Items from a data source

##########

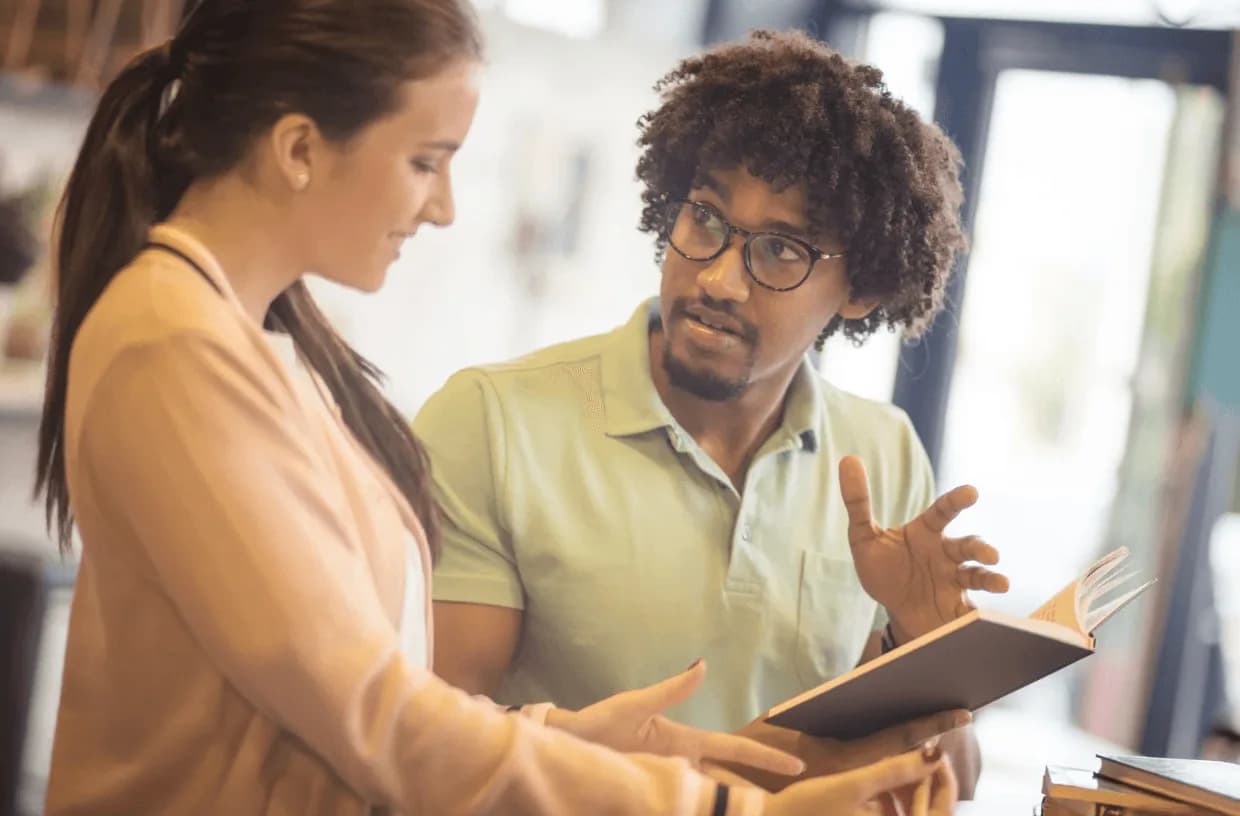 Two colleagues in casual attire discussing ideas over a notebook in a creative workspace
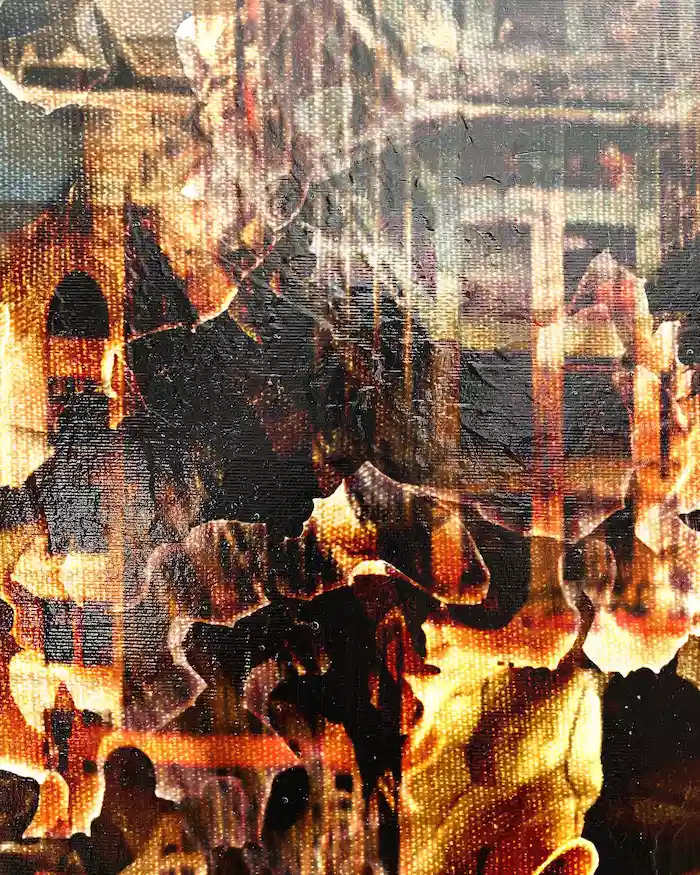 Detail of amber cityscape painting showing textured mixed media surface and warm tones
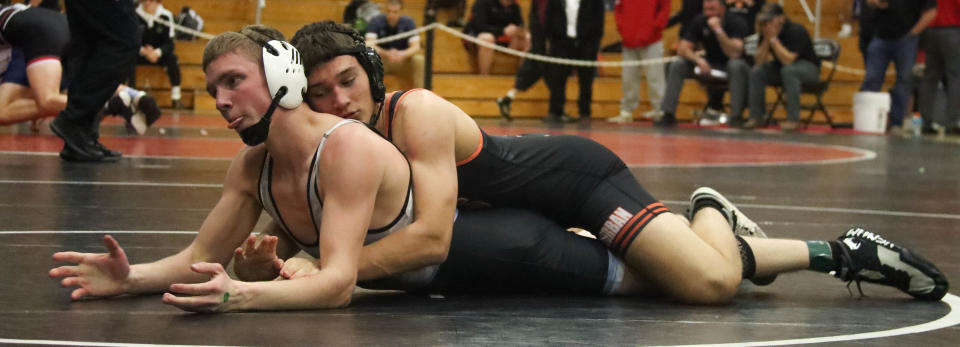 York Suburban's Nick Wilt takes down Waynesboro's Logan Lowans at 152 pounds in a first-round matchup at South Western High School during the District 3 Class AAA Section IV wrestling championships on Saturday, Feb. 17, 2024.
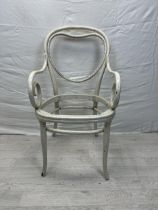 A late 19th century painted Thonet style armchair with scrolling arms and heart motif to the back.
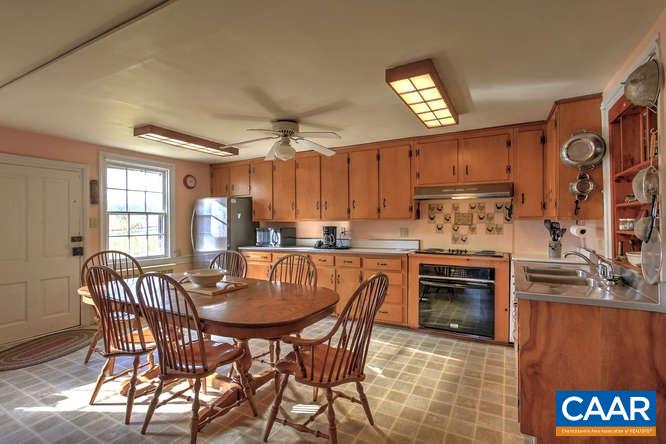 863 Lotts Road Middlebrook, VA 24459 - Photo 8 of 42 a kitchen with granite countertop a table chairs stove and cabinets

##########

ABOUT THIS EXERCISE
Your copy should match the records word for word, with the pictures removed.

TASK OUTPUT
 Two colleagues in casual attire discussing ideas over a notebook in a creative workspace
 Detail of amber cityscape painting showing textured mixed media surface and warm tones
 York Suburban's Nick Wilt takes down Waynesboro's Logan Lowans at 152 pounds in a first-round matchup at South Western High School during the District 3 Class AAA Section IV wrestling championships on Saturday, Feb. 17, 2024.
 A late 19th century painted Thonet style armchair with scrolling arms and heart motif to the back.
 863 Lotts Road Middlebrook, VA 24459 - Photo 8 of 42 a kitchen with granite countertop a table chairs stove and cabinets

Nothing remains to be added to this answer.